THE TASK: Pictures excluded, output the lines of the data below between the one holding "Tonight we're going" and the one holding "Growers should be", inclusive, exactly as they stand.

[[ RECORDS SHOWN open ]]

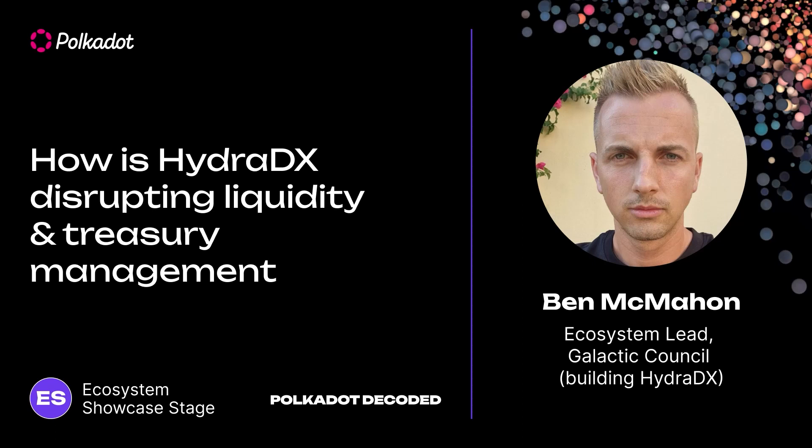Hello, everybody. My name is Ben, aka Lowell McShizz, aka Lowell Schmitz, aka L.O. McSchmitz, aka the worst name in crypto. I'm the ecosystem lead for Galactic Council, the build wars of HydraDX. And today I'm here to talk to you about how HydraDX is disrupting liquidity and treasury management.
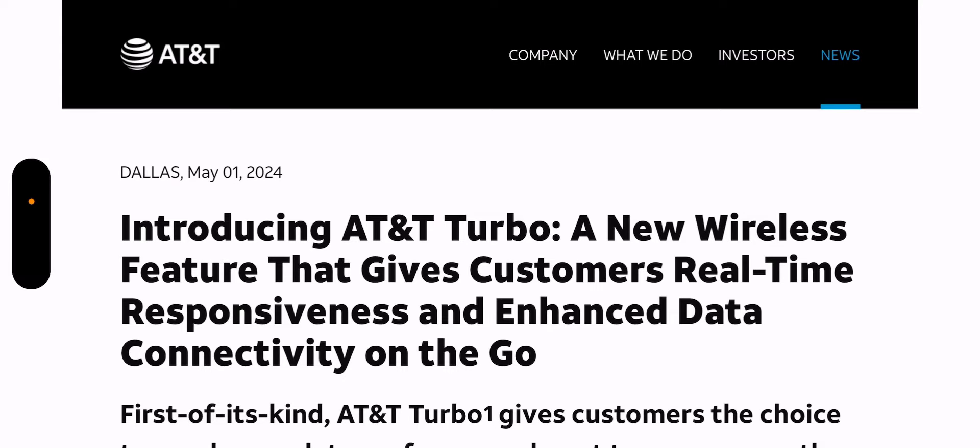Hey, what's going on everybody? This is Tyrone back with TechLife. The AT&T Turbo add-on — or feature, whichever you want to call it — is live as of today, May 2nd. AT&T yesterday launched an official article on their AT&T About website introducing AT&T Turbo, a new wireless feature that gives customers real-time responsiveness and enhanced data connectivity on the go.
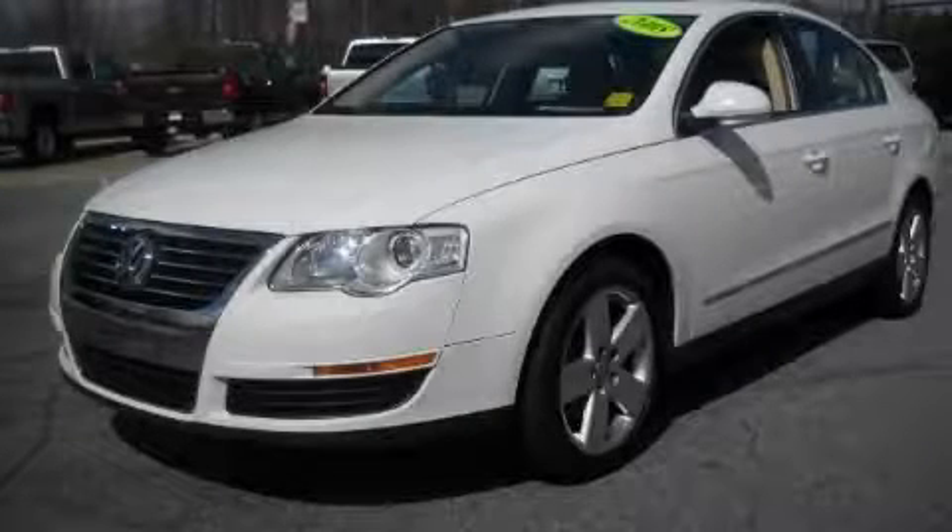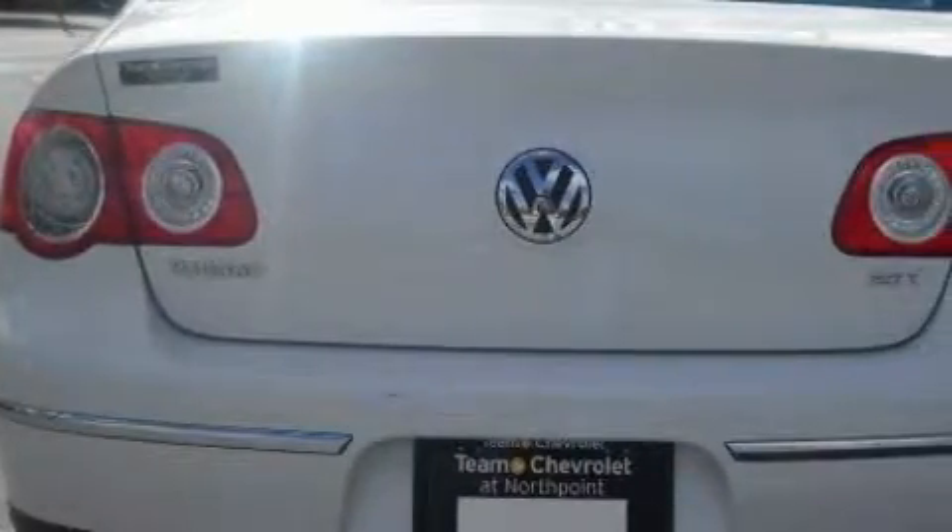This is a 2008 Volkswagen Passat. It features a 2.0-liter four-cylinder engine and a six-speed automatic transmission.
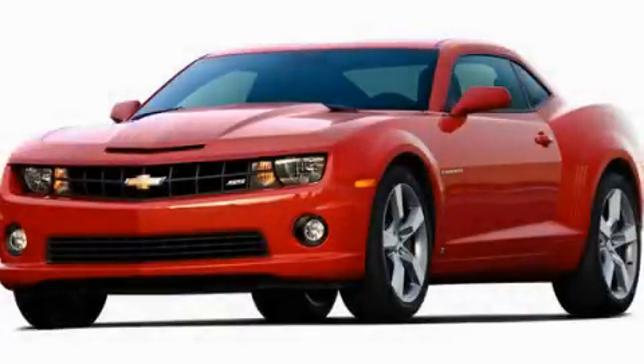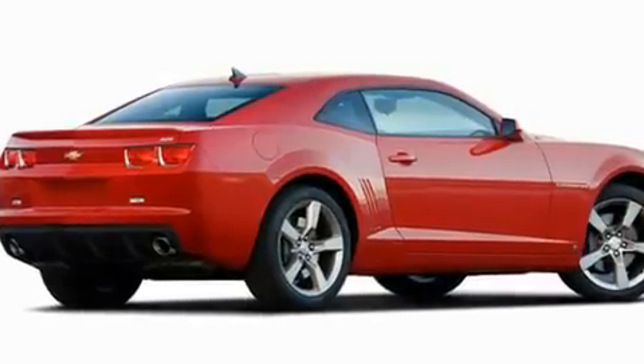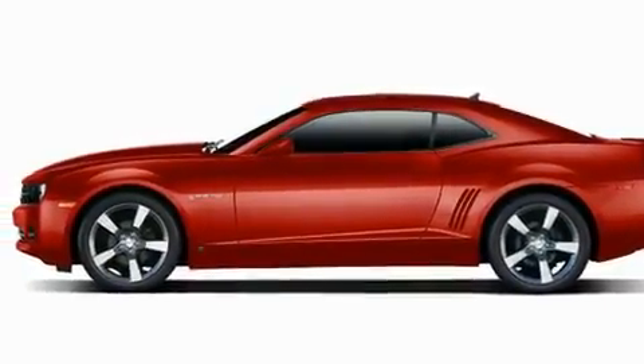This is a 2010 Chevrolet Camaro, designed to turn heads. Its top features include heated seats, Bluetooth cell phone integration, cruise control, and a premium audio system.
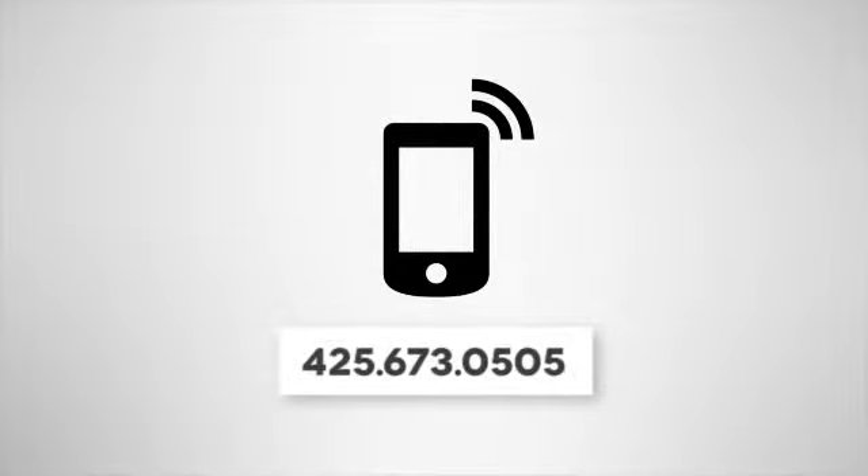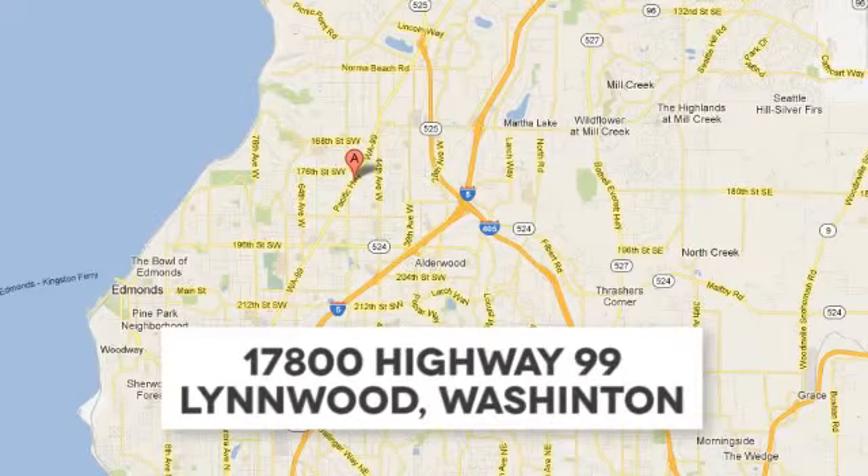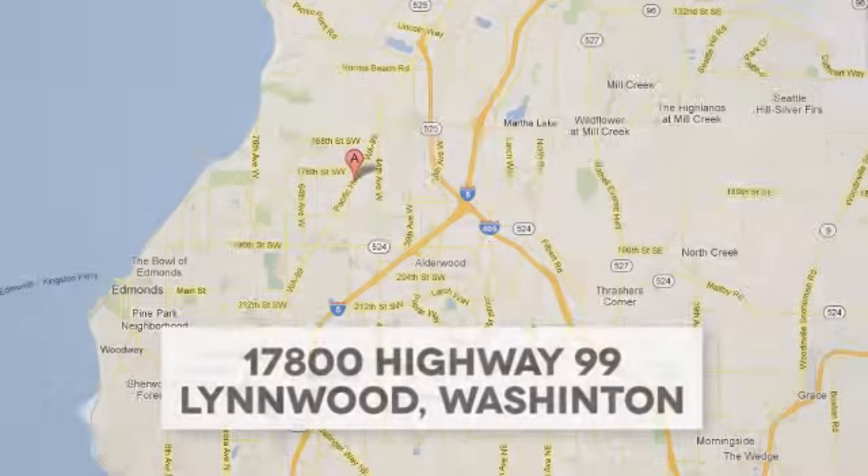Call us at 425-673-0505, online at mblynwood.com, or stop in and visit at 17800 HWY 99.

[[ RECORDS SHOWN closed ]]
[[ RECORDS SHOWN open ]]

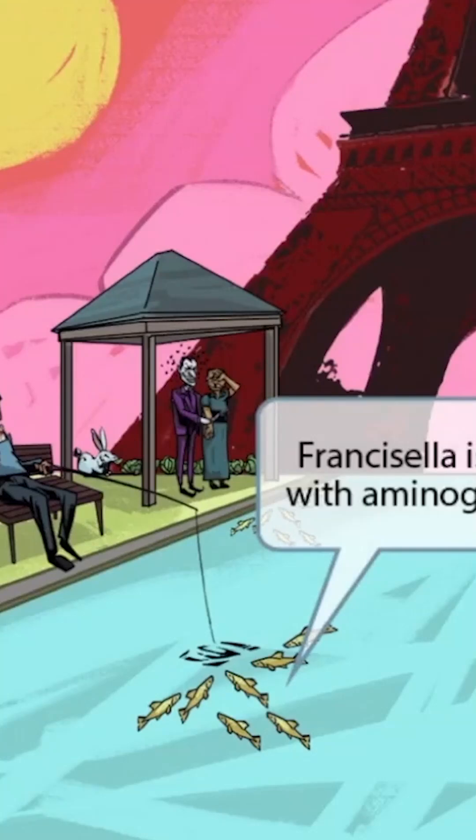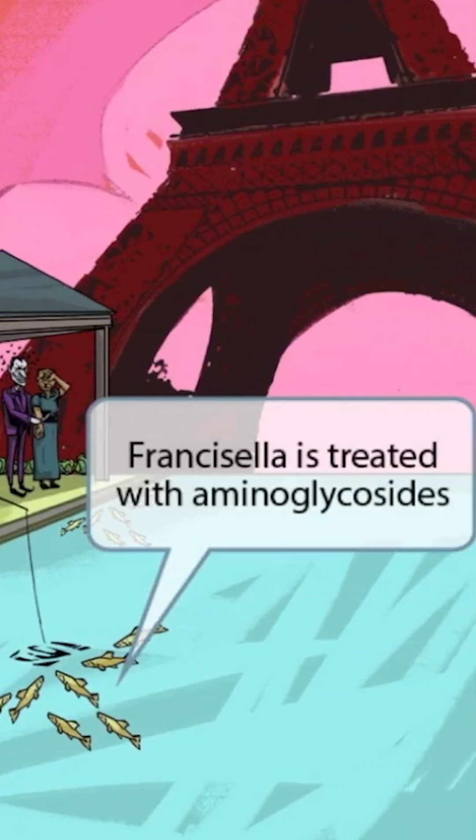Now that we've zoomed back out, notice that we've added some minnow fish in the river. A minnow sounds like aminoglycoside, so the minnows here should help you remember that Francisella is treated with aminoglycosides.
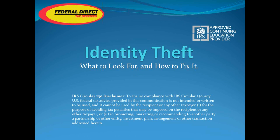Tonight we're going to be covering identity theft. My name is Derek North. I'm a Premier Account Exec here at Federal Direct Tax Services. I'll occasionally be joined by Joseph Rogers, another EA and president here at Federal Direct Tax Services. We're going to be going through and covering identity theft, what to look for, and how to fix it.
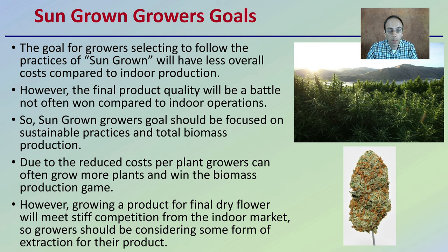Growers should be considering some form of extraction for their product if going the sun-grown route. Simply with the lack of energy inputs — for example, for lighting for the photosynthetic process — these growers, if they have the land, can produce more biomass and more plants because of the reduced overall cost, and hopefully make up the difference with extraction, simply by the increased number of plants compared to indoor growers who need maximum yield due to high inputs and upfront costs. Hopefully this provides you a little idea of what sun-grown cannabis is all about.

[[ RECORDS SHOWN closed ]]
[[ RECORDS SHOWN open ]]

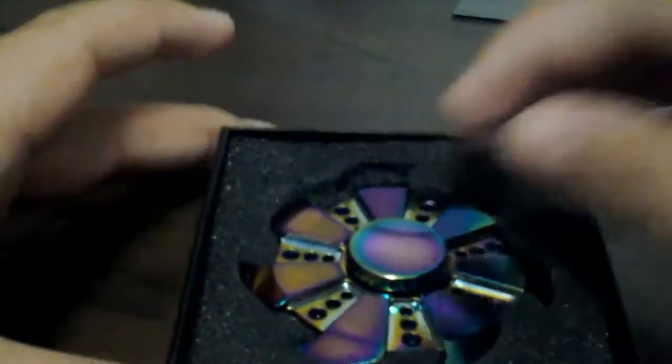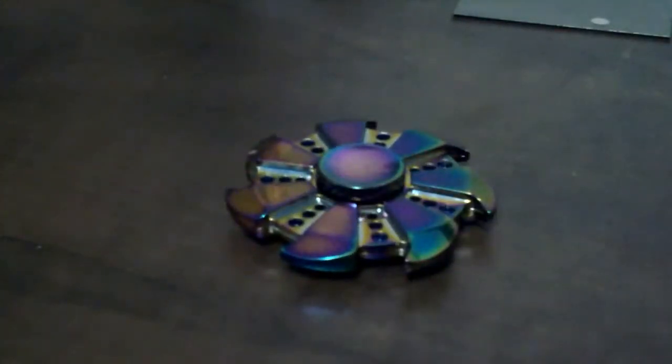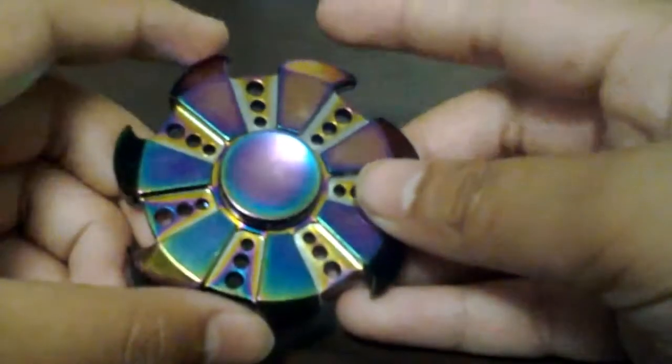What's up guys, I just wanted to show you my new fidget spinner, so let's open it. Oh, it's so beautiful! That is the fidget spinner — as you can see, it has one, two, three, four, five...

[[ RECORDS SHOWN closed ]]

YOUR SOLUTION:
Tonight we're going to be covering identity theft. My name is Derek North. I'm a Premier Account Exec here at Federal Direct Tax Services. I'll occasionally be joined by Joseph Rogers, another EA and president here at Federal Direct Tax Services. We're going to be going through and covering identity theft, what to look for, and how to fix it.
Growers should be considering some form of extraction for their product if going the sun-grown route. Simply with the lack of energy inputs — for example, for lighting for the photosynthetic process — these growers, if they have the land, can produce more biomass and more plants because of the reduced overall cost, and hopefully make up the difference with extraction, simply by the increased number of plants compared to indoor growers who need maximum yield due to high inputs and upfront costs. Hopefully this provides you a little idea of what sun-grown cannabis is all about.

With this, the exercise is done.